8. Of course there will be exceptions: sometimes a properly completed notice of appeal will give some good reason why the grounds, or some of the grounds, cannot accompany it. In those circumstances, an Immigration Judge, probably the Duty Judge at the registry, may authorise time to be extended for submitting the grounds, and a letter can be sent out accordingly. But the routine of giving extra time in order to submit grounds should cease. Appeal forms without grounds will be passed to the Duty Judge in Loughborough for consideration of the way forward.

9. The first question for the Immigration Judge in such circumstances is likely to be whether the appeal should be determined without a hearing under sub-paragraphs (a), (b) or (c) of Rule 15(2). It is a matter for the Immigration Judge (the word in the Rule is “may”), but we think it is likely that in the vast majority of cases, appeals to which any of these provisions apply will be determined without a hearing. In particular, we would observe that the fact that the appellant has sought (or apparently sought) a hearing of the appeal is unlikely to have any impact on the issue in these circumstances.

10. Dealing with the appeal without a hearing does not mean ignoring the material on file. It does not mean necessarily dismissing the appeal. Even though there are no grounds of appeal, the Immigration Judge is bound to consider all the material before him. It may be that some documents sent in with the notice of appeal imply a submission by the appellant supported by evidence. If the respondent’s bundle has not yet arrived, it may be necessary to await it or seek it, in order to assess the effect of the implication, if it is material to the outcome of the appeal. But such cases, we anticipate, will be unusual. In appeals without grounds, the Tribunal’s decision is likely to be made, without further delay, in a form approximating to that which follows.

Decisions

11. The first appellant has submitted no grounds of appeal. Rule 15(2)(c) applies, and in all the circumstances of the case, including those we set out below, we consider that this appeal is appropriate for determination without a hearing, and we so determine it.

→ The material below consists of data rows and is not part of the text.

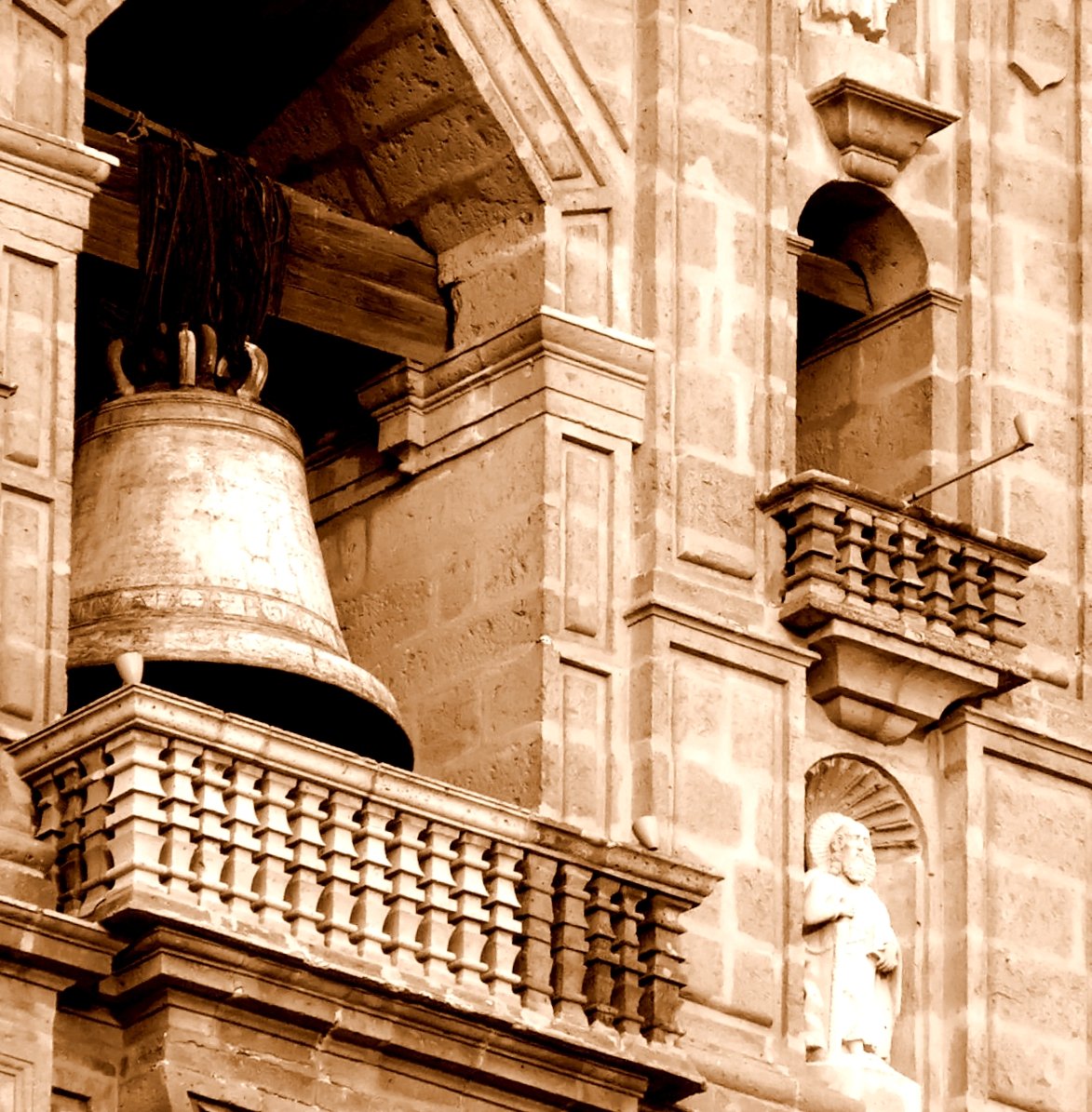 a bell stands outside a building on top of the tower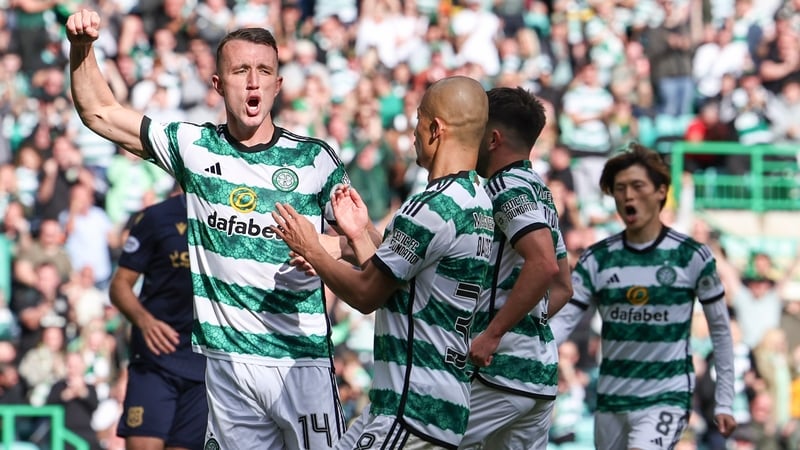 Celtic's David Turnbull celebrates scoring his penalty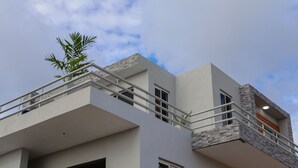 A modern multi-story building with a balcony, large windows, and a visible door. - This brand new Villa, modern amenities,  Pool deck and ocean views (Ceder Village)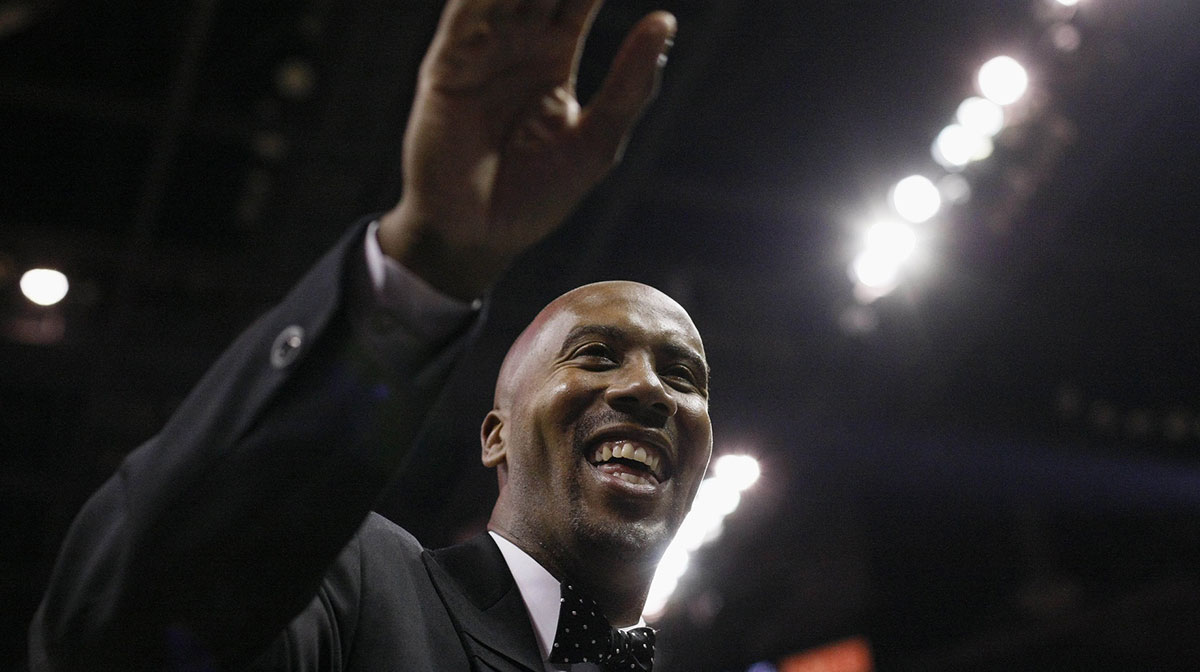 San Antonio Spurs former player Bruce Bowen waves to fans during the first half against the Minnesota Timberwolves at the AT&T Center.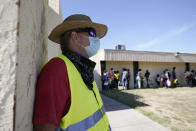 Dave, right, who declined to give his last name, from Toledo, Ohio, wears a neon vest as migrants are processed by a humanitarian group after being released from U.S. Customs and Border Protection custody, Friday, Sept. 24, 2021, in Del Rio, Texas. Dave, who has been to Haiti many times, befriended a woman named Ruth, who he believes is still in custody after she crossed the Rio Grande with her husband and their 3-year-old daughter. Dave drove down from Ohio to Southwest Texas in hopes of picking the family up and driving them to Ohio, where Ruth has family awaiting them. (AP Photo/Julio Cortez)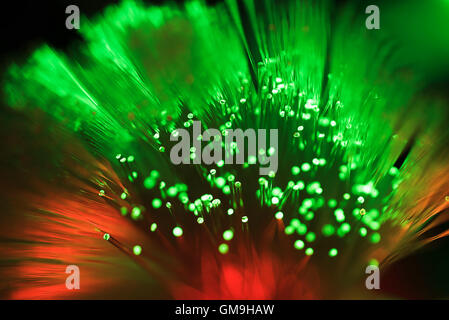 Bunch of glowing red and green fiber optic cables Stock Photo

12. The burden of proof is on the appellant. She has submitted no grounds of appeal, and no additional documents. There is nothing in the material before us that gives any reason to suppose that the respondent’s decision was not made in accordance with the Immigration Rules. Her appeal is dismissed.

13. The second appellant has submitted no grounds of appeal. She does not seek a hearing and has nominated no representative. Rule 15(2)(a), (b) and (c) apply. In all the circumstances of the case, including those we set out below, we consider that this appeal is appropriate for determination without a hearing and we so determine it.

14. The burden of proof is on the appellant. She has submitted no grounds of appeal, but with her appeal form are a number of documents. These appear to be in part mere confirmation of the matters mentioned in the notice of refusal. The financial documents apparently relating to the sponsoring members of the appellant’s family certainly fall well short of establishing the family’s financial standing. The notice of refusal is fully reasoned and the materials now before us give no proper basis for supposing that the respondent’s decision was not made in accordance with the Immigration Rules. We find that the appellant has failed to discharge the burden of proof. Her appeal is dismissed.